His eyes hold me gently, absolutely, like a velvet bookmark for his favorite page.
            The other 12 have gone out for food despite their distrust of me; the sole woman among them. Our stomachs and tempers growled an hour earlier, a chorus of riotous constitutions. But mine doesn't now. Nor will it ever again.
            "The others do not understand as you do,” he says, just above a whisper, and brushes a stray brown curl dangling over my left eye behind my ear. “You could have followed anyone--anything, but you heard my voice, and you chose me. So now I choose you, my solitary star amongst eternity."
            He says my name, and I barely notice. He closes his wide gray eyes and leans forward. I, my name could be anything now as his shadow and arms absorb me. Our lips connect. Sparks of Creation's ignition splash like drops of neon against the pool of my soul. My eyes close and tension melts off my limbs. Our fingers, arms and toes slither over one another along the smooth crevices between muscle and bone like familiar childhood paths.
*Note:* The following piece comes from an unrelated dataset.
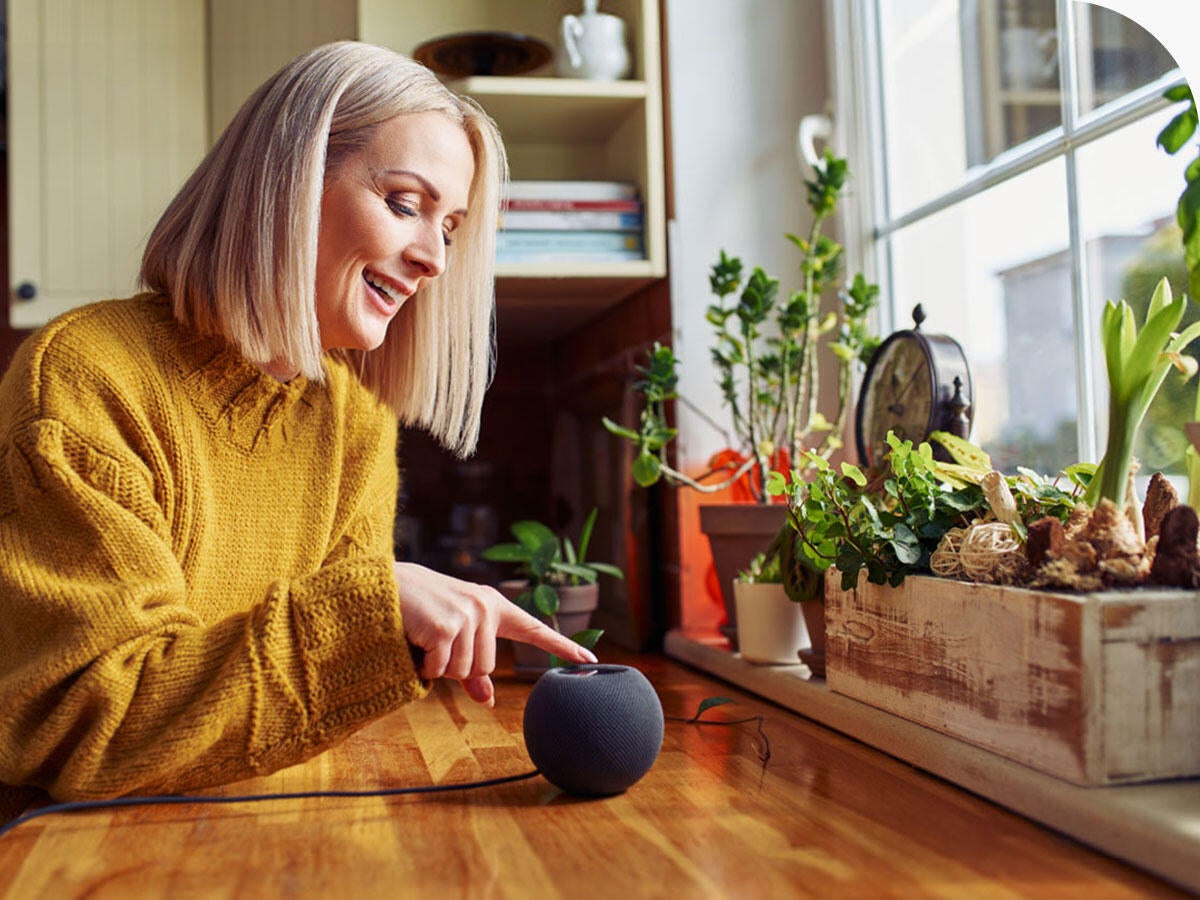Person using a smart speaker in a kitchen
            He reclines and enters me. I gasp as if taking in air for the first time. One of my “accounts”, a loose sheet of parchment where I secretly record his more candid…less divine moments, slips out of my dress. This one is about his time in the garden of Gethsemane. His lookouts had fallen asleep. I crouched behind an olive tree as he wept, begging to be spared of his fate. It took all my strength to withstand my own tears and write the truth.

I catch a glimpse of him looking over his shoulder into a burst of sunlight glaring through a crack in the door. I lower my leg and push the half-written page beneath the couch with my foot. He doesn't notice me watching...never has.